As the water temperature becomes colder, the crappie in these deep, clear lakes usually will move down to the 40- or 50-foot deep water or even hold so tight to the bottom that their stomachs will be lying on the mud. Schoenherr spots the individual crappie on the bottom with his Lowrance HDS-10 depth finder (www.lowrance.com) on the console of his boat or his HDS-12 Touch on the back of his boat. When he’s looking for crappie, he sets his side-imaging depth finder on down imaging to get a better and a clearer picture of the individual crappie holding on the bottom.

“If I’m looking for structure in the lake – like logs, stumps, stake beds or brush – I’ll run my depth finder in the side-imaging mode,” Schoenherr says.

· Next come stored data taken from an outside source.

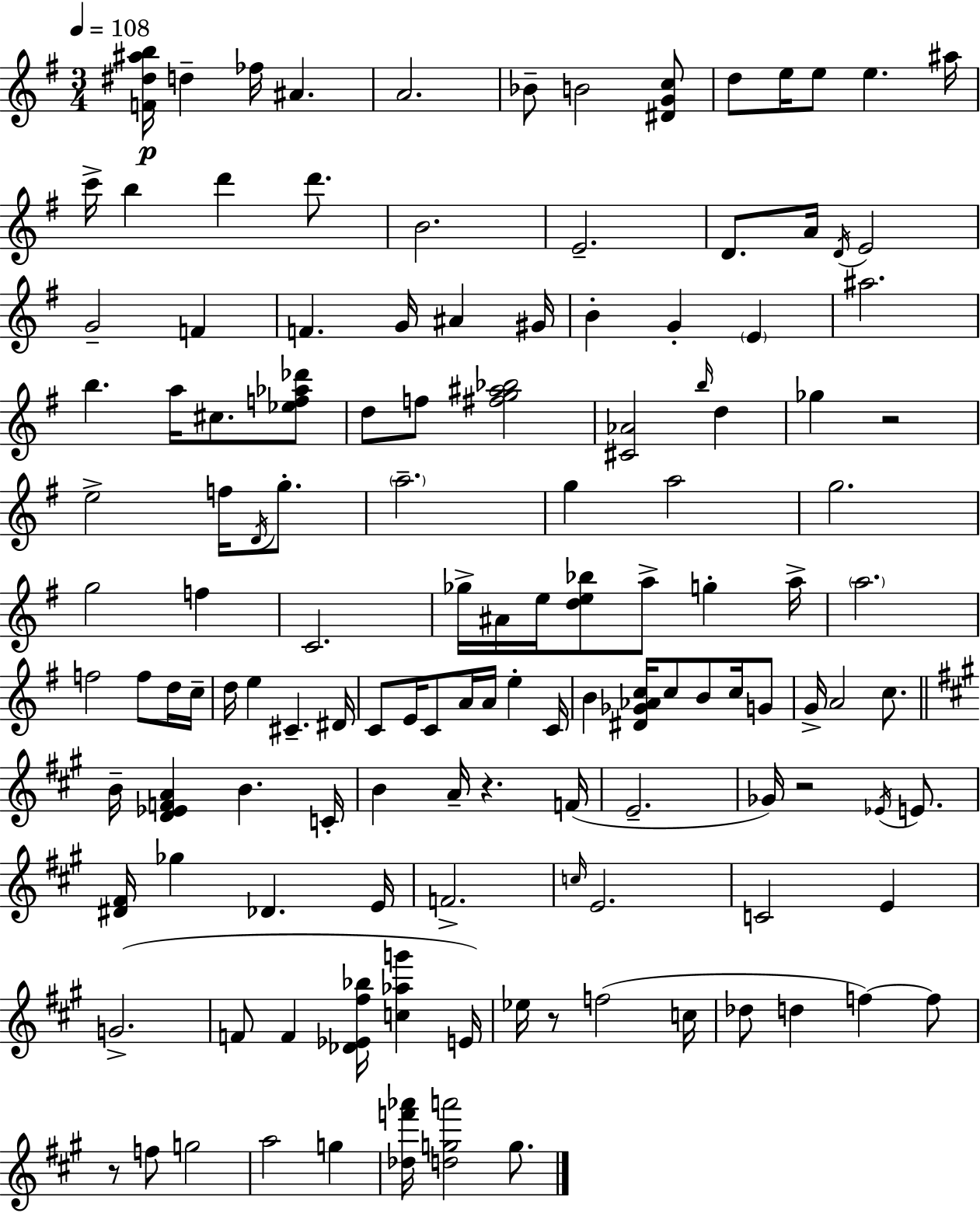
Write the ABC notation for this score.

X:1
T:Untitled
M:3/4
L:1/4
K:G
[F^d^ab]/4 d _f/4 ^A A2 _B/2 B2 [^DGc]/2 d/2 e/4 e/2 e ^a/4 c'/4 b d' d'/2 B2 E2 D/2 A/4 D/4 E2 G2 F F G/4 ^A ^G/4 B G E ^a2 b a/4 ^c/2 [_ef_a_d']/2 d/2 f/2 [^fg^a_b]2 [^C_A]2 b/4 d _g z2 e2 f/4 D/4 g/2 a2 g a2 g2 g2 f C2 _g/4 ^A/4 e/4 [de_b]/2 a/2 g a/4 a2 f2 f/2 d/4 c/4 d/4 e ^C ^D/4 C/2 E/4 C/2 A/4 A/4 e C/4 B [^D_G_Ac]/4 c/2 B/2 c/4 G/2 G/4 A2 c/2 B/4 [D_EFA] B C/4 B A/4 z F/4 E2 _G/4 z2 _E/4 E/2 [^D^F]/4 _g _D E/4 F2 c/4 E2 C2 E G2 F/2 F [_D_E^f_b]/4 [c_ag'] E/4 _e/4 z/2 f2 c/4 _d/2 d f f/2 z/2 f/2 g2 a2 g [_df'_a']/4 [dga']2 g/2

In the spring, crappie fishermen usually look for vertical structure coming up off the bottom to locate crappie. But during the colder months, Schoenherr pinpoints more crappie holding on low structure along the bottom or on the edges of drop-offs.

“I use 12- to 14-pound test monofilament line from the sinker to about a foot to 18-inches above the hook,” Schoenherr reports. “I tie the monofilament line to 15-pound test braided line that has the diameter of 4-pound test line and prefer a 12-foot graphite rod. The size and numbers of the crappie we catch in the winter surprise many people. Our crappie at this time of the year will weigh from 3/4- up to about 3 pounds.”

Lake Kincaid not only has white crappie and black crappie, it also homes a hybrid cross between the two that may weigh from 3 to 4 pounds, since they grow really big. The hybrids are shaped like white crappie and have their vertical barring but sport seven dorsal spines and a speckled pattern like black crappie.

On an average day of wintertime crappie fishing, Schoenherr generally will keep 20 to 30 crappie, and often he and his customers will catch and release at least that many more. The average fish will weigh about 1-1/4-pounds in cold weather. The biggest crappie he’s boated from Lake Kincaid weighed 3.02 pounds. When the surface temperature of the water is in the low 40 degrees, Schoenherr says that’s when the crappie fishing gets good.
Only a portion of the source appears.